Exercise brief
Retype only the lines below from the one with "An outdoor cafe" to the one with "A room with", inclusive, skipping every image.

Study material
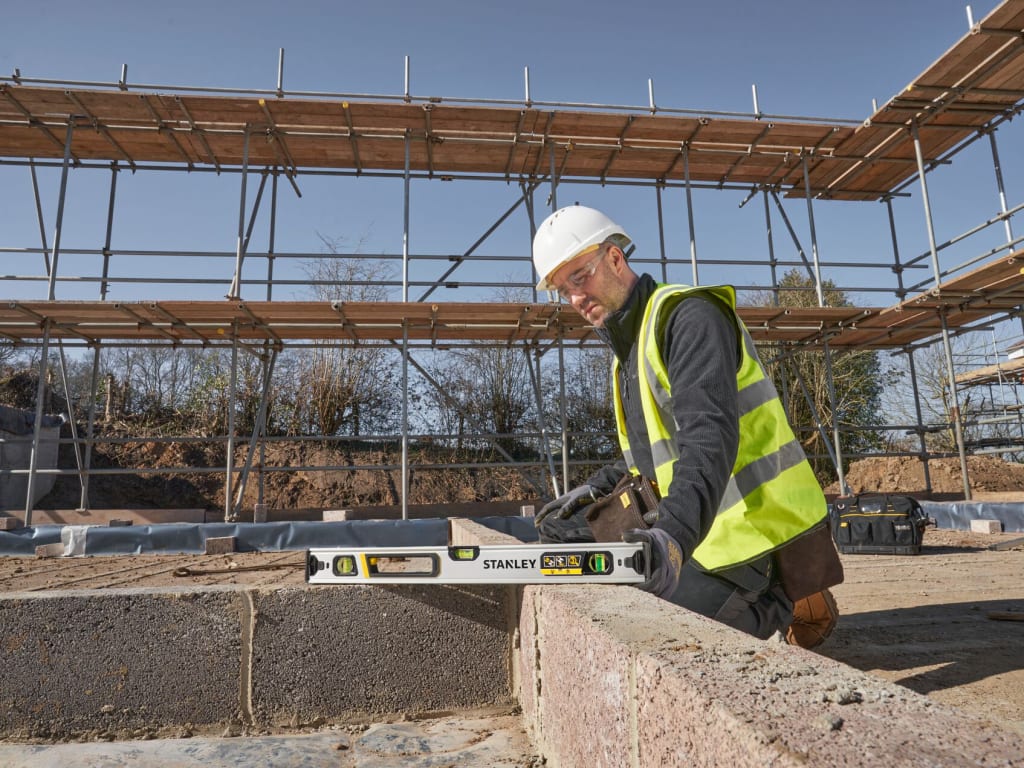 Person in construction gear using a Stanley level on a building site with scaffolding in the background. - imagen 8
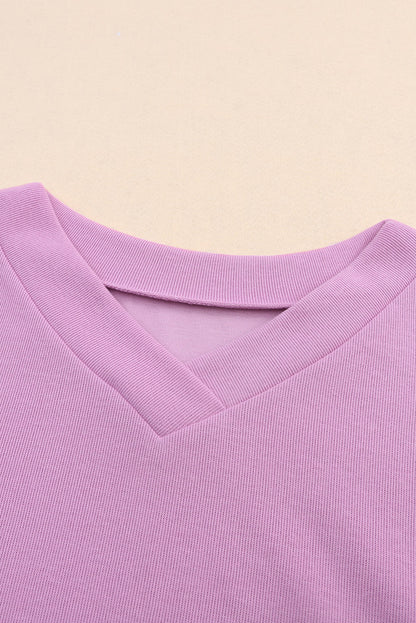 Paarse gebreide blouse met V-hals en knoopmanchetten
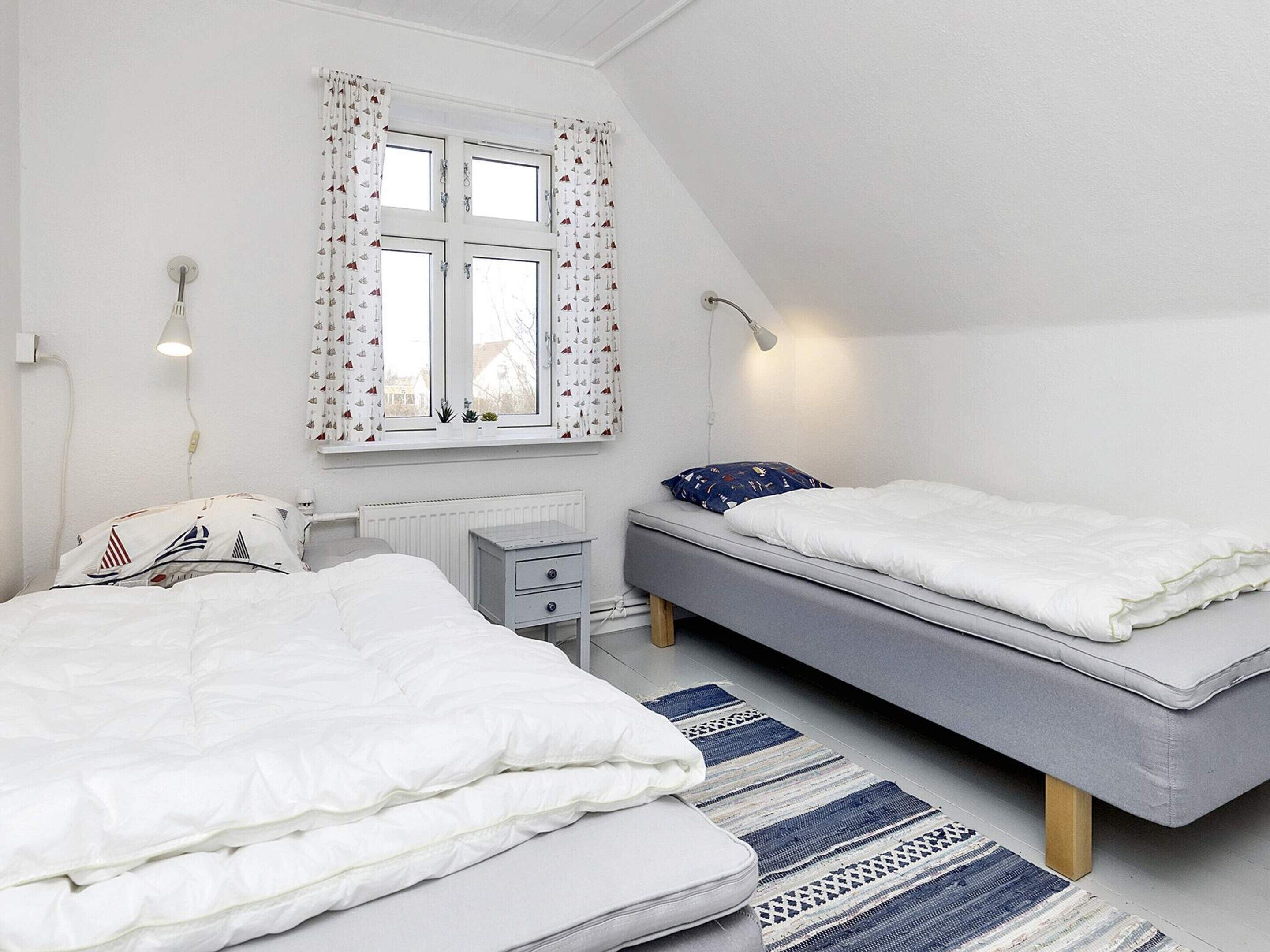 Una camera da letto con due letti, una finestra con tende, un comodino e una lampada.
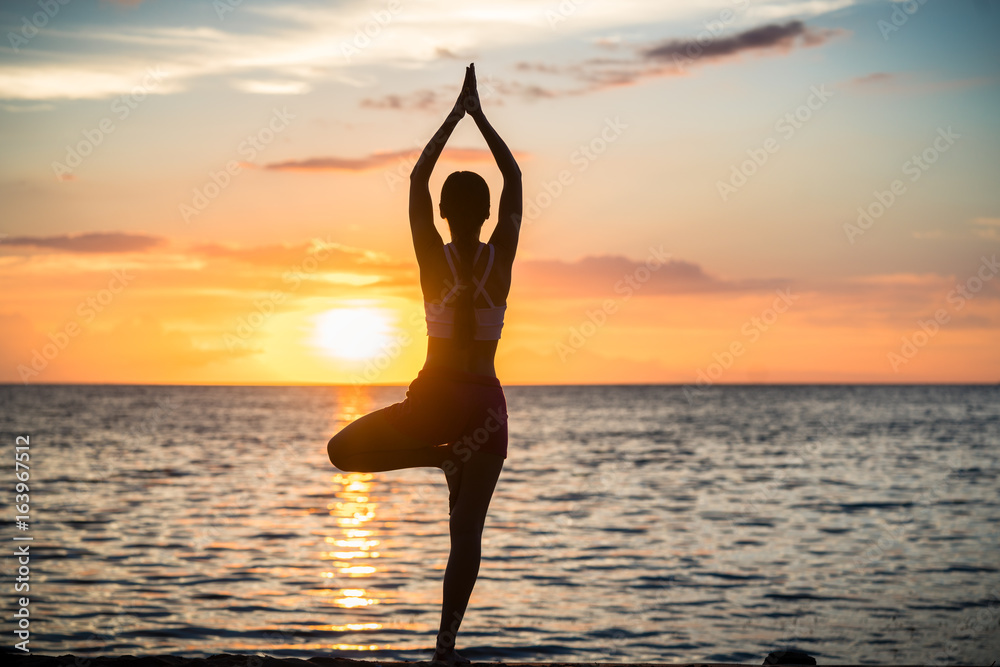 Fit woman practicing the yoga tree pose for a toned body on an idyllic beach at sunset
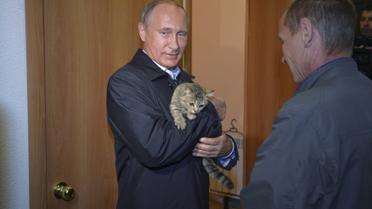Президент России Владимир Путин держит на руках кошку в новом доме в селе Краснополье в Сибири. Перед этим дома людей полностью уничтожил масштабный пожар / © Reuters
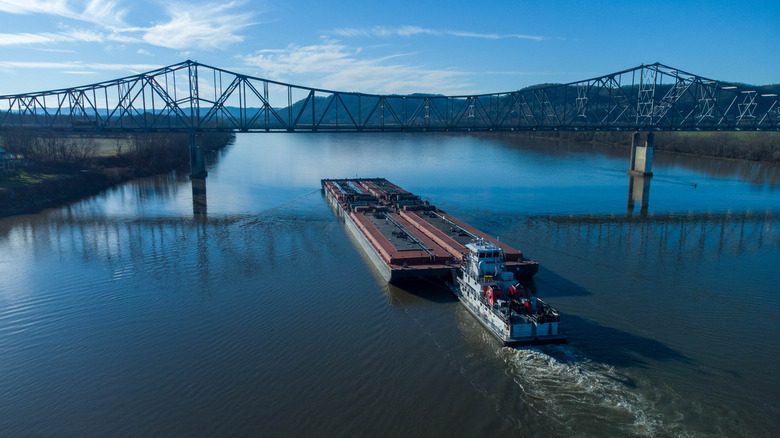 Boat on a river going underneath a bridge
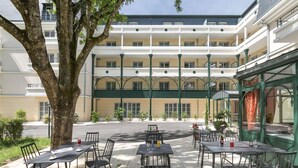 An outdoor cafe with tables and chairs, a large tree, and a building with balconies in the background. - Home Médicis Les Petites Roches (Dijon)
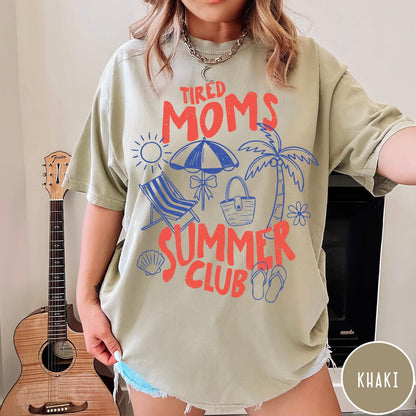 Comfort Colors tee in Khaki featuring beach vacation graphic with sun, palm tree, umbrella, and summer text
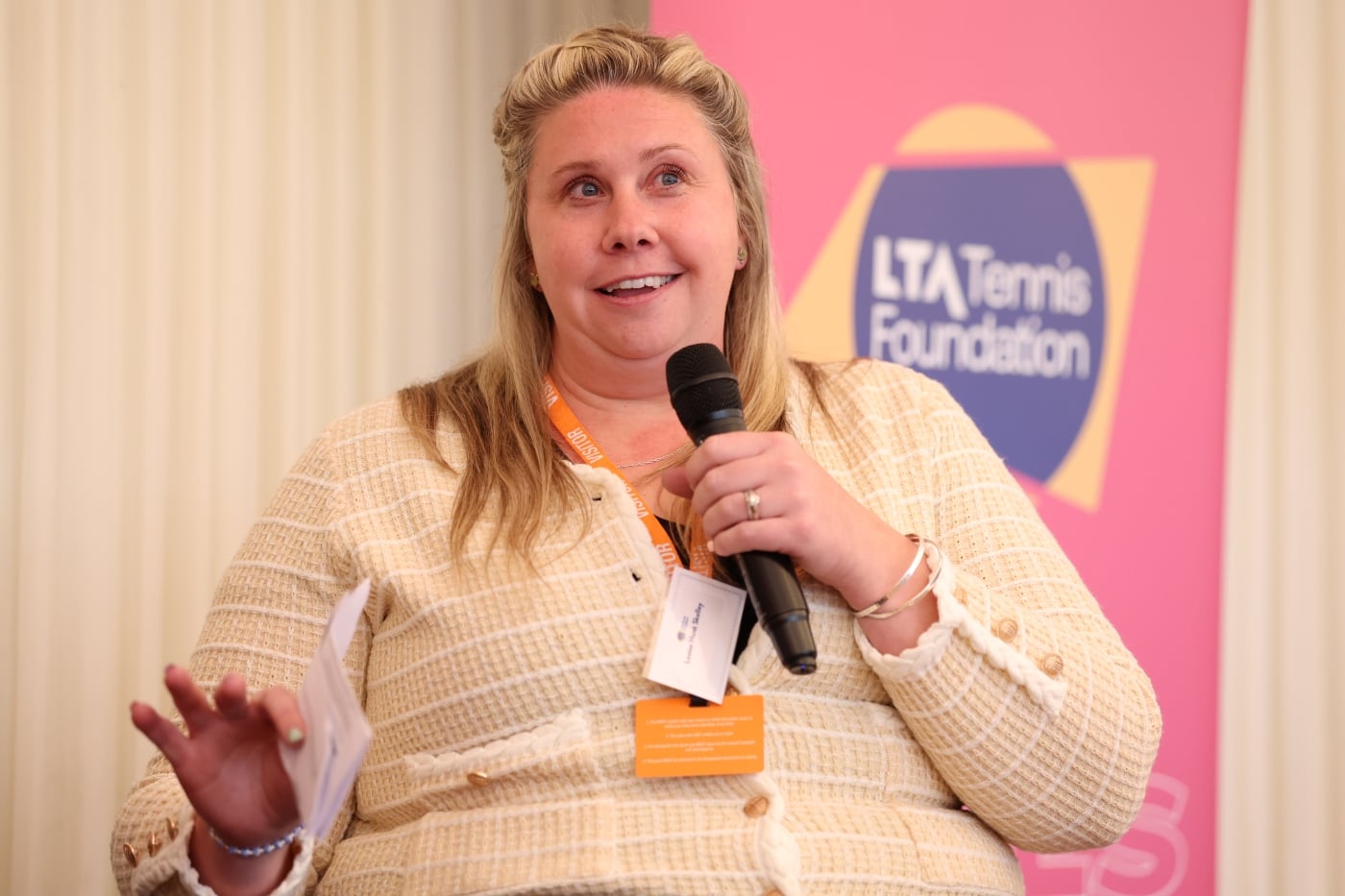 Louise Hunt-Skelley holding the microphone and speaking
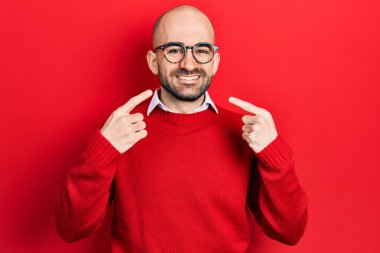 Gündelik kıyafetler ve gözlük takan genç kel adam neşeli bir şekilde gülümsüyor ve parmaklarıyla ve ağzıyla işaret ediyor. diş sağlığı kavramı. 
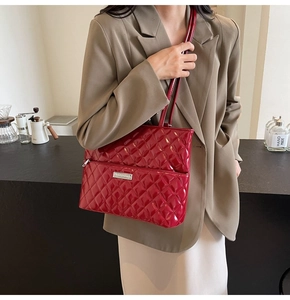 Detail of a deep red glossy quilted tote bag with silver zipper and metallic logo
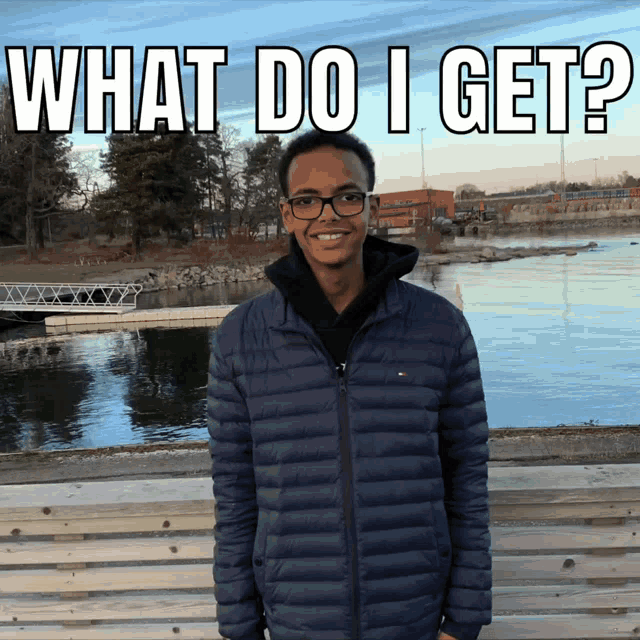 a young man stands in front of a body of water with the words " what do i get " written above him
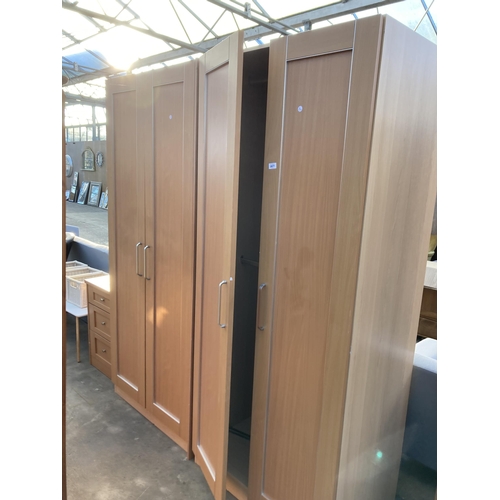 2877 - A PAIR OF TWO DOOR WARDROBES, 36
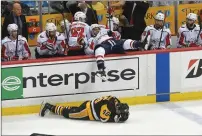  ?? File photo ?? After his fourth suspension, Washington Capitals forward Tom Wilson, falling over boards, wants to change his reputation.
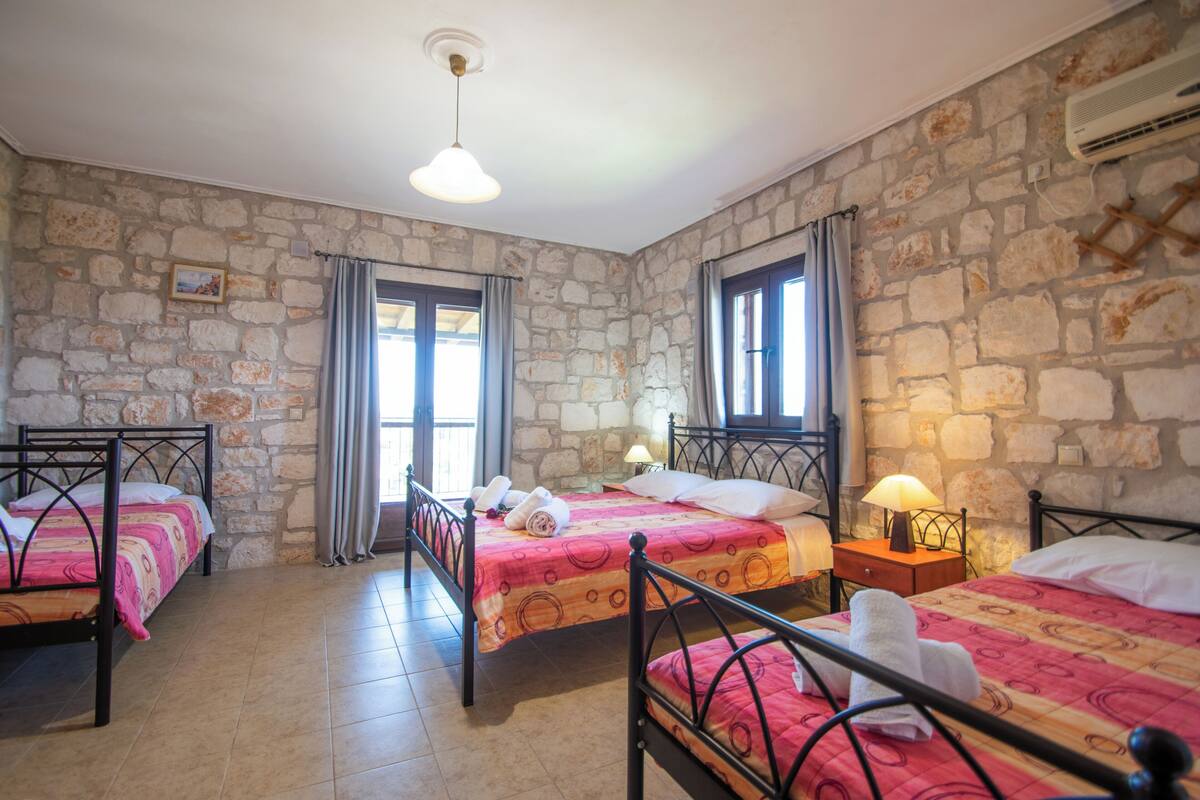 A room with three beds, stone walls, and a large window with curtains.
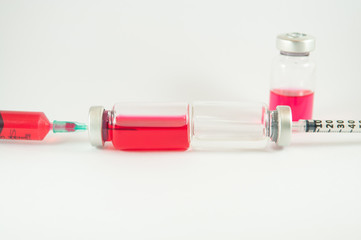 Red liquid in injection syringe and vials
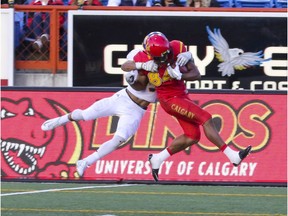 The U of C Dino's Denzel Radford is left just yards short of the goal line after running nearly the entire field during game action against UBC at McMahon Stadium in Calgary, on September 9, 2016.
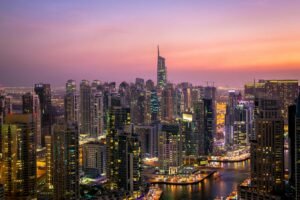 Skyline of Dubai with foreign investors exploring real estate opportunities amid currency changes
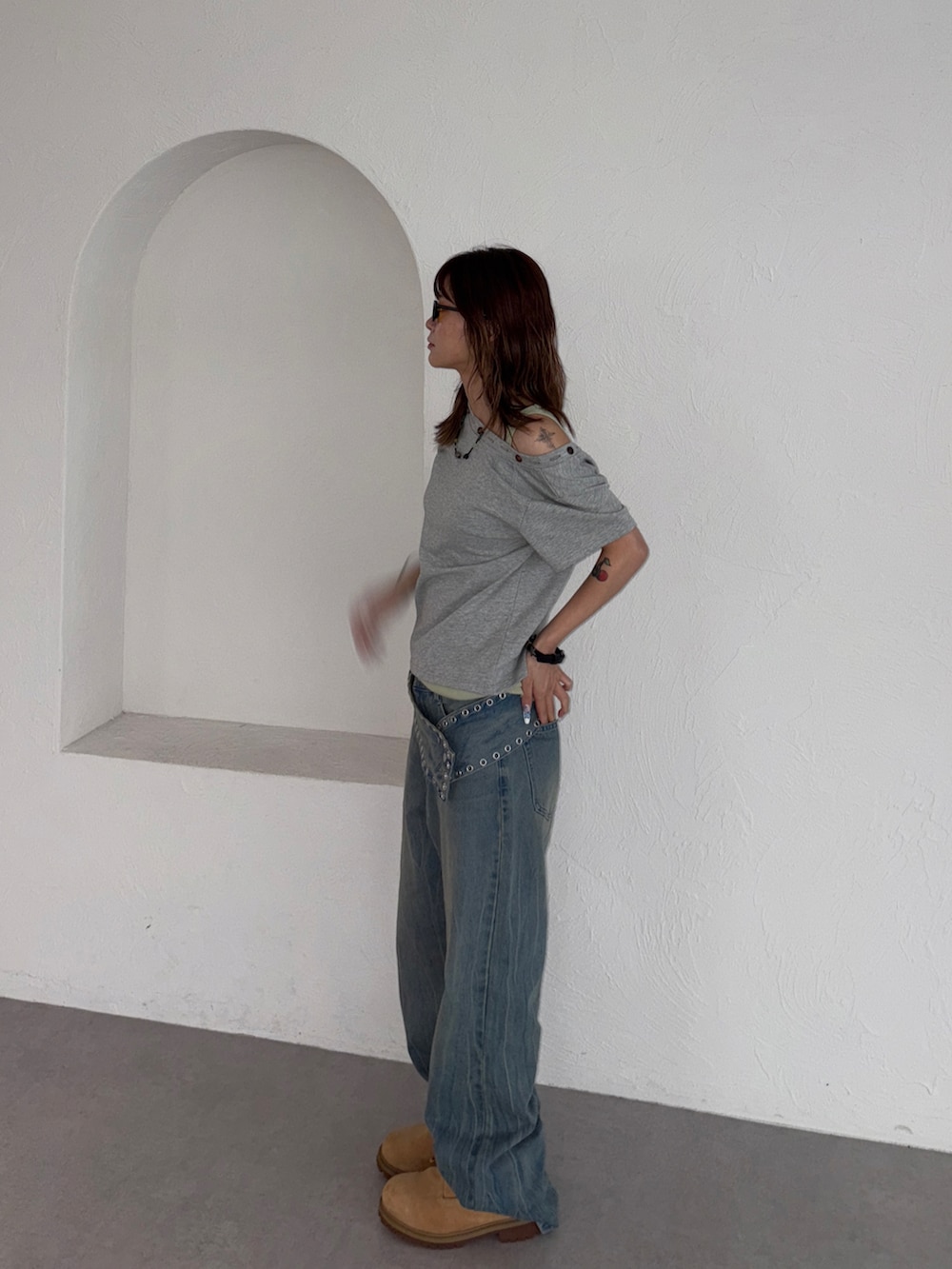 ブルー系のデニムパンツ、グレー系のTシャツ/カットソー、イエロー系のブーツを着用したレディースの夏コーディネートの2枚目の写真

Reply
 An outdoor cafe with tables and chairs, a large tree, and a building with balconies in the background. - Home Médicis Les Petites Roches (Dijon)
 Comfort Colors tee in Khaki featuring beach vacation graphic with sun, palm tree, umbrella, and summer text
 Louise Hunt-Skelley holding the microphone and speaking
 Gündelik kıyafetler ve gözlük takan genç kel adam neşeli bir şekilde gülümsüyor ve parmaklarıyla ve ağzıyla işaret ediyor. diş sağlığı kavramı. 
 Detail of a deep red glossy quilted tote bag with silver zipper and metallic logo
 a young man stands in front of a body of water with the words " what do i get " written above him
 2877 - A PAIR OF TWO DOOR WARDROBES, 36
  ?? File photo ?? After his fourth suspension, Washington Capitals forward Tom Wilson, falling over boards, wants to change his reputation.
 A room with three beds, stone walls, and a large window with curtains.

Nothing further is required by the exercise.